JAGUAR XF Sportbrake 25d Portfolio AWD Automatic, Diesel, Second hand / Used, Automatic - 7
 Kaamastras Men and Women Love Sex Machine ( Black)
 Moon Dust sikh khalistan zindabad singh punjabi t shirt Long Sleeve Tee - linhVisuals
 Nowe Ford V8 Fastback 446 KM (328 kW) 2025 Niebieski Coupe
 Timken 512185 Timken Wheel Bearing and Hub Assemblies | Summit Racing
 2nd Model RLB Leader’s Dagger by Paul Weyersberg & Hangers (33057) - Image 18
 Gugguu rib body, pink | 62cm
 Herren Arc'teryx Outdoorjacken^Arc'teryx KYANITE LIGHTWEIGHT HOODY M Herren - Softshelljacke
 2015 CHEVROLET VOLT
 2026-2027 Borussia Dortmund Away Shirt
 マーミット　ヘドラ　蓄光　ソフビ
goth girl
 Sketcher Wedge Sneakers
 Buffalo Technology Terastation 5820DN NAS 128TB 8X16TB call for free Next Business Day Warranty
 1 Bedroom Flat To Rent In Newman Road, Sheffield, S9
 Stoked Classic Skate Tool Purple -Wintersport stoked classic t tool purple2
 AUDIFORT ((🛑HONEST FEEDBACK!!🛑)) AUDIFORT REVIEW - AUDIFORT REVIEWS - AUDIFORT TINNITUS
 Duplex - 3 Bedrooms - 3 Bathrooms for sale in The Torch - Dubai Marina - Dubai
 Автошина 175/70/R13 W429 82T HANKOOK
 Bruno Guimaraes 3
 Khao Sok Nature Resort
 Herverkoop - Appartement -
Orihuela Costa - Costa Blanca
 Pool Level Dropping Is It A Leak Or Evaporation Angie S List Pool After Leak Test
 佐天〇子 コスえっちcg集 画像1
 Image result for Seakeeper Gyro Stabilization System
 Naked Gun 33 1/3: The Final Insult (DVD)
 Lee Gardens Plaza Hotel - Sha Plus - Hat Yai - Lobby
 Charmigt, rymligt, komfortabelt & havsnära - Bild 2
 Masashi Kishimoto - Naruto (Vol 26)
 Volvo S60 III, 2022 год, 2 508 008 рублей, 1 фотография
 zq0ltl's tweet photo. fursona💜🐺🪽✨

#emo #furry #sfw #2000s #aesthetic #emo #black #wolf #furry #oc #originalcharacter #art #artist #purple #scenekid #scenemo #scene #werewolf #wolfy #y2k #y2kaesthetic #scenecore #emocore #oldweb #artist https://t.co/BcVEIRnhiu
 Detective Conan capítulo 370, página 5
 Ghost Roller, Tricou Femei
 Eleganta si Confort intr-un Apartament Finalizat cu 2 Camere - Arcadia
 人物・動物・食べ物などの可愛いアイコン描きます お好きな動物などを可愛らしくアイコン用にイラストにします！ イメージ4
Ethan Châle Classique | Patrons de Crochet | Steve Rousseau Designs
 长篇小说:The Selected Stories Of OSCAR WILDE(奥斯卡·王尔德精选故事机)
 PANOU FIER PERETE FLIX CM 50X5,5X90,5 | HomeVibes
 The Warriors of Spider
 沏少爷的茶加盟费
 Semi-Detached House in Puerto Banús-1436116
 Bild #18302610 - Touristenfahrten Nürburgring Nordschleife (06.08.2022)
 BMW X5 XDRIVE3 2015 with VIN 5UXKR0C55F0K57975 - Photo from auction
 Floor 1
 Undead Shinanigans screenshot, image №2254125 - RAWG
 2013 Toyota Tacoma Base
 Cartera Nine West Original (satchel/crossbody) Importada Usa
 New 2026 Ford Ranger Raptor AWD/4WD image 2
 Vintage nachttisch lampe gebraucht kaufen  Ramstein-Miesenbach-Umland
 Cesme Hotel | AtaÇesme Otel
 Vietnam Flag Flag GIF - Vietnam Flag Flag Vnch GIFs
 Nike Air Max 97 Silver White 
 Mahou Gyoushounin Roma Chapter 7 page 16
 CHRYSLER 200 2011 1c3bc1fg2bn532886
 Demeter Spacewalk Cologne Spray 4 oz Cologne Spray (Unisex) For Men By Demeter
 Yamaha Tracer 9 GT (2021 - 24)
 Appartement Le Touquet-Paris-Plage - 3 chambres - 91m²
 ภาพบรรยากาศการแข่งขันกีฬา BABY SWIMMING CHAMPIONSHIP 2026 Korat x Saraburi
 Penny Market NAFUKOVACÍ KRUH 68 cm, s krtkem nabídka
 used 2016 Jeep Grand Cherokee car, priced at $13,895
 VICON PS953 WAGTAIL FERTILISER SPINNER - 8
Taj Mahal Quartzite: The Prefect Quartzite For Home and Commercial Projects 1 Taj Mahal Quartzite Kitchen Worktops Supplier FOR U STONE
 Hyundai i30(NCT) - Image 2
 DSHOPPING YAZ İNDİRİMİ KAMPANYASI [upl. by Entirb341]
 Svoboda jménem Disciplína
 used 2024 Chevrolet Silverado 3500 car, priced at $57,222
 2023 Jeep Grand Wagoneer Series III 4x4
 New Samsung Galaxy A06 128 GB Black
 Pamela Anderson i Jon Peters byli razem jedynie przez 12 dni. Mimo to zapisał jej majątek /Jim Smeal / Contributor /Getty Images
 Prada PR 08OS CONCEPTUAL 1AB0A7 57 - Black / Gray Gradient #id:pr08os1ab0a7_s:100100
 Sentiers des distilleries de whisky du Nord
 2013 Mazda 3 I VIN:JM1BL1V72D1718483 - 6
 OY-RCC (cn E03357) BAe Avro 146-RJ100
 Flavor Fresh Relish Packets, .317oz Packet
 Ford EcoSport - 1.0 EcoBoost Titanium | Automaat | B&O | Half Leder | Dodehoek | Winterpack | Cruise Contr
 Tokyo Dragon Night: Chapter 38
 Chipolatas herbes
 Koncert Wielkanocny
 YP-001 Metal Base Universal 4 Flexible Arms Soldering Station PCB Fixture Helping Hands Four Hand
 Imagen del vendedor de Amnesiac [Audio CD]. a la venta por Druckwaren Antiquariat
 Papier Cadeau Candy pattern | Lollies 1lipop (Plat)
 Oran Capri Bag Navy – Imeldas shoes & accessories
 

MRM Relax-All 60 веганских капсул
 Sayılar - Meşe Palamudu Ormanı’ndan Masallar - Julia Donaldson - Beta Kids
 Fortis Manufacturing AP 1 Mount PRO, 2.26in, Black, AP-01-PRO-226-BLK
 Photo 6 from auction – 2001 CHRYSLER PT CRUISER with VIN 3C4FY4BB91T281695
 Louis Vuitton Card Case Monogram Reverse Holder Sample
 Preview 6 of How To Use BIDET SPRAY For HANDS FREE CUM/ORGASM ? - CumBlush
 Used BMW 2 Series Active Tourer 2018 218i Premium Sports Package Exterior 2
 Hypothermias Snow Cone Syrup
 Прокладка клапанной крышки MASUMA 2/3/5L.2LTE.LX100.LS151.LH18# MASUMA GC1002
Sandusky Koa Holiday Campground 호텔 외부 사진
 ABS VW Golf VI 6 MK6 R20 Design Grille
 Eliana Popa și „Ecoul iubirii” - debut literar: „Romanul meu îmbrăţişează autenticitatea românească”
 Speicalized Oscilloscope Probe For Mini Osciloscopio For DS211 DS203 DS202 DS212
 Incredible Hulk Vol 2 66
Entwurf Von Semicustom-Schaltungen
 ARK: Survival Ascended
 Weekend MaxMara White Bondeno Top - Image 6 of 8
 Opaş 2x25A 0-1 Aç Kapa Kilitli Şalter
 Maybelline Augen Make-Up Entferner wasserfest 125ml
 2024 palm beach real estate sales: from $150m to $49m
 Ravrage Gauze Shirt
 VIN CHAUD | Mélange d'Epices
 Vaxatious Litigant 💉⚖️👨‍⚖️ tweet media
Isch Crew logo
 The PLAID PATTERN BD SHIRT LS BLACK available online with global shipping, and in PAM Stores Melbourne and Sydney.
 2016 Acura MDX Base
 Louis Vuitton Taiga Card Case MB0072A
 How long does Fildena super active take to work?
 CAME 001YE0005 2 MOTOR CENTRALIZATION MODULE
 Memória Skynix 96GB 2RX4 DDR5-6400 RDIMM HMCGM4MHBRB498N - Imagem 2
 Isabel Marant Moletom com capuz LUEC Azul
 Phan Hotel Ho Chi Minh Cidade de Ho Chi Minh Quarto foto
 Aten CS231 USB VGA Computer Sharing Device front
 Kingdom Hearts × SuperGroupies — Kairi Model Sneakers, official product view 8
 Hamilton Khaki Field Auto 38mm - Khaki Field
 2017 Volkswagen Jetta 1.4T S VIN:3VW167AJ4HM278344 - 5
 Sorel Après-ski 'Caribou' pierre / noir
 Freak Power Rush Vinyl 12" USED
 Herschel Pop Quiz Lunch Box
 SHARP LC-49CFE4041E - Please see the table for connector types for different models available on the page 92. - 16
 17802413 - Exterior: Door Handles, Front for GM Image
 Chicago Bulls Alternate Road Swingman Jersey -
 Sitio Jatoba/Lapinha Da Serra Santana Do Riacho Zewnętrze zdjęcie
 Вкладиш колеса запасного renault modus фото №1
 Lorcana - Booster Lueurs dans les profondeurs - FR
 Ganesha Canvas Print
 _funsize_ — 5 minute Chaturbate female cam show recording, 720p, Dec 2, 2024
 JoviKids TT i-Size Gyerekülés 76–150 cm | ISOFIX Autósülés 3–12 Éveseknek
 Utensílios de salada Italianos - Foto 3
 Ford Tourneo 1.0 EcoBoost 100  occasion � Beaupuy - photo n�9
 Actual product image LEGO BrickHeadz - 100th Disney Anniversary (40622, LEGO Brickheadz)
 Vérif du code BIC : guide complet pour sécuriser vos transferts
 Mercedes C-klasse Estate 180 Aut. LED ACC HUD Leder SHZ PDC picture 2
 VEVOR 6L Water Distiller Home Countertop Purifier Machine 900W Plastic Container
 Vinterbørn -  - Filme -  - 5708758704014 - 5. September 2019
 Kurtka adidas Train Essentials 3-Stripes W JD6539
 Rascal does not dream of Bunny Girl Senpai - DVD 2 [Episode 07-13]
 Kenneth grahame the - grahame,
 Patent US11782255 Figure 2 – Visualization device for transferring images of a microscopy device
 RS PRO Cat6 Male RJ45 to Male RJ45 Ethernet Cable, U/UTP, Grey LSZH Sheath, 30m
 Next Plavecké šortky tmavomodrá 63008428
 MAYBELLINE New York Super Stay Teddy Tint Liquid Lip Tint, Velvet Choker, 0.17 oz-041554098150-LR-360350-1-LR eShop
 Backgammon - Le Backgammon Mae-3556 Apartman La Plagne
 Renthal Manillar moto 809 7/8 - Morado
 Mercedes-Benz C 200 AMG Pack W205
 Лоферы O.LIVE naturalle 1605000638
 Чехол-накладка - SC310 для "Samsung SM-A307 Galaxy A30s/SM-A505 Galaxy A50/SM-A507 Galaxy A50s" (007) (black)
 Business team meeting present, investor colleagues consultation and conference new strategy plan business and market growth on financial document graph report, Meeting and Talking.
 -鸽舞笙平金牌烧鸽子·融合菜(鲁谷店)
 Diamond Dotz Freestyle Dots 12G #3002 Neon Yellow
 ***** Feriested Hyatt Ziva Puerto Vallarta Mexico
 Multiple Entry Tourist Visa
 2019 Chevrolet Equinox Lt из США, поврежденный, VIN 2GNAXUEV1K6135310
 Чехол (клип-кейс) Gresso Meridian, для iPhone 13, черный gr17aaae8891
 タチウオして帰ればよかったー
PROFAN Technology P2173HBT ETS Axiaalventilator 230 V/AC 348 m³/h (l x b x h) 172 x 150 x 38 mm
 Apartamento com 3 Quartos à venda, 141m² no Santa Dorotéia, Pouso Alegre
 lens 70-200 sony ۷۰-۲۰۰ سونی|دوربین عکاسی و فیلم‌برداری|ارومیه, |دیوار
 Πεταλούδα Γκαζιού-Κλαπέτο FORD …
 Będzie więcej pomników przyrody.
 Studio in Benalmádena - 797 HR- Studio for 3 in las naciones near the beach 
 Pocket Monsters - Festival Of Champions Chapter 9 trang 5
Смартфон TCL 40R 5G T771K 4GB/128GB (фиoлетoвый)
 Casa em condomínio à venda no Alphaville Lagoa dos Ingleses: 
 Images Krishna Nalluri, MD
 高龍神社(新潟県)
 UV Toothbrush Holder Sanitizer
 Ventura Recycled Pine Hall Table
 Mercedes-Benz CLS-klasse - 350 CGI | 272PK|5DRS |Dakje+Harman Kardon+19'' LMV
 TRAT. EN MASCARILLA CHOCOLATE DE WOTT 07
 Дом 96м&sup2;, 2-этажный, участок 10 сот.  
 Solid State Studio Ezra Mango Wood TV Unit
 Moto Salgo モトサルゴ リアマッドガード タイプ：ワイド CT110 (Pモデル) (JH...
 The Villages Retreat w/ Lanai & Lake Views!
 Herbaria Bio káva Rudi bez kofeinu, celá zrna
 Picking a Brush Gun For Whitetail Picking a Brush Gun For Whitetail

§

## [TO DO]
Return the span of lines in the data above that opens at the line with "长篇小说:The Selected Stories" and closes at the line with "Bild #18302610 - Touristenfahrten", exactly, ends included, nothing else.

## [SOLVED EXERCISE]
 长篇小说:The Selected Stories Of OSCAR WILDE(奥斯卡·王尔德精选故事机)
 PANOU FIER PERETE FLIX CM 50X5,5X90,5 | HomeVibes
 The Warriors of Spider
 沏少爷的茶加盟费
 Semi-Detached House in Puerto Banús-1436116
 Bild #18302610 - Touristenfahrten Nürburgring Nordschleife (06.08.2022)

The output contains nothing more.